Source: Huckleberry-finn-with-rabbit, Edward Winsor Kemble
. . . Jim, had a hair-ball as big as your fist, which had been took out of the fourth stomach of an ox, and he used to do magic with it. He said there was a spirit inside of it, and it knowed everything. So I went to him that night and told him pap was here again, for I found his tracks in the snow. What I wanted to know was, what he was going to do, and was he going to stay? Jim got out his hair-ball and said something over it, and then he held it up and dropped it on the floor. It fell pretty solid, and only rolled about an inch. Jim tried it again, and then another time, and it acted just the same. Jim got down on his knees, and put his ear against it and listened. But it warn’t no use; he said it wouldn’t talk. He said sometimes it wouldn’t talk without money. I told him I had an old slick counterfeit quarter that warn’t no good because the brass showed through the silver a little, and it wouldn’t pass nohow, even if the brass didn’t show, because it was so slick it felt greasy, and so that would tell on it every time. (I reckoned I wouldn’t say nothing about the dollar I got from the judge.) I said it was pretty bad money, but maybe the hair-ball would take it, because maybe it wouldn’t know the difference.

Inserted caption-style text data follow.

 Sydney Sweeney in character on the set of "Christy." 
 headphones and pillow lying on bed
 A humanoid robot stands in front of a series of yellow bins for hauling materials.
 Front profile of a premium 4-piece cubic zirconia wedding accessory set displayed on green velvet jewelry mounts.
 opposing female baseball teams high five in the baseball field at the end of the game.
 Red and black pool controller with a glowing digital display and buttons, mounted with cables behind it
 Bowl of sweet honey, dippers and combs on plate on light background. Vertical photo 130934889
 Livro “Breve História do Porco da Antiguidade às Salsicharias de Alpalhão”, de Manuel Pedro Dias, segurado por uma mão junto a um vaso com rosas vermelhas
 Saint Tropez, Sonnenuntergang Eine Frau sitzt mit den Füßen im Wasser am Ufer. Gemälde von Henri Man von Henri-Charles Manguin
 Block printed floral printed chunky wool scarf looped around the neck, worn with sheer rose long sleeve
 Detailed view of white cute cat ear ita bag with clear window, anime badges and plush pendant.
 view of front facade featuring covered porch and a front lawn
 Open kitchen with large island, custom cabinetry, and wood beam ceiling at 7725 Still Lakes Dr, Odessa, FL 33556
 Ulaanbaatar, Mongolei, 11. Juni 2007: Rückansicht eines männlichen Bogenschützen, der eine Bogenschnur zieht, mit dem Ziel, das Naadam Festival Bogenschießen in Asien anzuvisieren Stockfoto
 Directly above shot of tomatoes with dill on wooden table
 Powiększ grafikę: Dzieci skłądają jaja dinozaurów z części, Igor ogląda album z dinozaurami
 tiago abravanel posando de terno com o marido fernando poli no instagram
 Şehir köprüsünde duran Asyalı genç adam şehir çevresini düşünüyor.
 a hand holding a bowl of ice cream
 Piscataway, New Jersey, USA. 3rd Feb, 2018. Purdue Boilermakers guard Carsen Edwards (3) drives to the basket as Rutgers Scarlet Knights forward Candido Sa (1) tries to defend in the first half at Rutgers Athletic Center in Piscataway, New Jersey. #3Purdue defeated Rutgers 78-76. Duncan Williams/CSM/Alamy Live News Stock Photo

Huck Finn is one of the best-known examples of an unreliable narrator. He is young, superstitious, and uneducated. He believes in magic and signs and is sometimes unable to understand the reality of what he is experiencing. Before the excerpt above, Huck has found a footprint in the snow: the heel of a boot that has a cross made of nails embedded in it to ward off the devil. Huck recognized the footprint as belonging to his father, Pap, an abusive drunk. So, he has gone to Jim with the hope that Jim can tell him what Pap’s intentions might be. The fact that Huck believes that Jim can use magic to predict Pap’s actions gives us some insight into Huck’s understanding of how the world works. Huck’s belief that he can cheat the “hair ball” with fake money also illustrates his immaturity and his unreliability as a narrator.
Narrators who are mentally ill or mentally challenged may lack the ability to assess the situations they are relating. If the narrator seems befuddled, depressed, or contradictory, the narrator might be unreliable. An example of this type of narrator can be found in the Edgar Allen Poe’s “The Tell-Tale Heart.”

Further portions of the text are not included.